Petrobras has announced the drilling of a second well on the Carioca discovery in the Santos Basin of Brazil in over 2000m water depth, drilling down to a target depth of more than 5km subsea. The previous discovery well flowed at 2900b/d of 27API oil and hit the hedlines after the Head of Brazils petroleum regulator claimed the field could hold as much as 33 milion barrels. Turns out this figure originated with a consultant to Houston based World Oil magazine who made some rough calculations based on his own maps. Other equally uninformed estimates put the field in the 1 billion-24 billion barrel range. Clearly a second well should help to narrow the reserve range. Carioca follows the nearby Tupi discovery in similar deep sub-salt geology where a 5-8 billion barrel range is more established. We need to put these discoveries in context with the 5 largest discoveries made in the world since 2000:
1) Kashagan, Kazakhstan (10 bn bbl)
2) Yadavaran, Iran (1.5 bn bbl)
3) Bongo, Nigeria (1.4 bn bbl)
4) Akpo, Nigeria (1.1 bn bbl)
5) Cachalote, Brazil (0.8bn bbl)
This shows that both Tupi and Carioca are significant recent discoveries. The last significant Brazilian discovery was made in the nearby Campos basin in 1998 with the 2.6 billion bbl Roncador field. The other thing to remember is the size of a billion barrels. Again in context - a million seconds is about 12 days whilst a billion seconds is over 31 years. But even if our optmimistic World Oil consultant is right, how does 33 billion barrels stack up on a global scale? The five largest oil fields ever discovered are (ultimate recoverable reserves):
1) Ghawar, Saudi Arabia (66-150bn bbls)
2) Burgan, Kuwait (32-75bn bbl)
3) Safaniya, Saudi Arabia (21-55Bn bbl)
4) Rumalia, Iran (19-30bn bbl)
5) Bolivar, Venezuela (14-30bn bbl)
So the recent discoveries in Brazil are significant and should help mid term crude supply but they are not going to significantly alter the world oil reserve picture.

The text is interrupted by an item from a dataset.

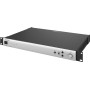 Kindermann Bose FreeSpace IZA 2120 LZ si Zusatzverstärker 8751-069 (8751000069)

So what difference to short term oil prices do the Brazilian discoveries make? In our opinion they probably push global peak oil production out from 2017 to 2018 but right now, not much difference given it will probably take at least 3 years to get the new Brazilian discoveries on stream. But short term oil prices appear always to have been as much a function of supply/demand perceptions as actual fundamental supply. The price for June Brent oil was $113/bbl on April 30th and as many UK newspapers and TV stations have pointed out, this is 68% higher than exactly one year ago. Recent prices have come off thir peak of $117/bbl of a few days before, possibly helped by the resolution of the Grangemouth refinery strike and a stronger dollar, but markets remain volatile. Recent comments by Chakib Khelil, Head of Opec who suggested that oil prices could hit $200/bbl and there was little they could do about it, do not help sentiment.
So the world may be running out of easy oil but a constant stream of billion barrel plus discoveries like those in Brazil should continue to ensure that oil supply is higher than oil demand - just.